It is often said that ‘money can’t buy happiness’, but for Chinese President Xi Jinping, money, in the form of the new digital yuan, can buy a host of desires, including greater social control, the curtailment of Big Tech, and the undermining of the US dollar. These are all objectives, which, if met, would certainly make senior members of the Chinese Communist Party very happy indeed.
After becoming available for the first time for foreign visitors at the 2022 Winter Olympics, the digital yuan—China’s Central Bank Digital Currency (CBDC)—received a brief moment of international media attention. However, the digital yuan has been piloted for Chinese citizens since 2020 and its long-term implications are being intensely studied in central banks around the world.
Digital yuan puts China ahead of the US
In recent years, China has been a leading adopter of mobile payment systems. Data collected in August 2021 from GlobalData’s Banking Intelligence Center shows that 79.2% of Chinese citizens have used a mobile wallet in the last 12 months. China’s progress on its digital yuan is years ahead of the US’s progress on creating a Central Bank Digital Currency (CBDC). The rise of China’s interest in creating its own CBDC is parallel with the rise in cryptocurrencies in the Western world. The chaotic, unstable, but libertarian nature of crypto stands opposite to China’s centralized, government-backed digital yuan. As such, the aims and the benefits of each currency are worlds apart.

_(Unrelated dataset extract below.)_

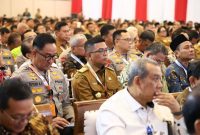 Terlihat Gubernur Banten Andra Soni (tengah, berseragam coklat) hadir bersama para pejabat tinggi Polri, TNI, dan kepala daerah lainnya. (Dok. Biro Adminprov Banten).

Seizing the means of consumption
First of all, with every transaction being digital (and crucially, using a centralized ledger), the digital yuan allows for money to be tracked with greater ease—handing power back to the government and away from fintech firms such as Ant Group (Alipay) and Tencent (WeChat Pay)—which is in tune with the government’s latest crackdown on tech companies.
Taking credit: the CCP wants digital payment data
The importance of data—specifically financial data—also underpins the CCP’s interest in the digital yuan. Consumer data harvested from Ant Group’s Alipay (a mobile payment platform used by over 700 million monthly users) is one of the company’s biggest assets. It has allowed the company to enter the banking space, and as of June 2020, Ant Group has more outstanding loans than any Chinese bank. Furthermore, Ant Group has used its data to profit via selling information on future debtors to state-owned banks.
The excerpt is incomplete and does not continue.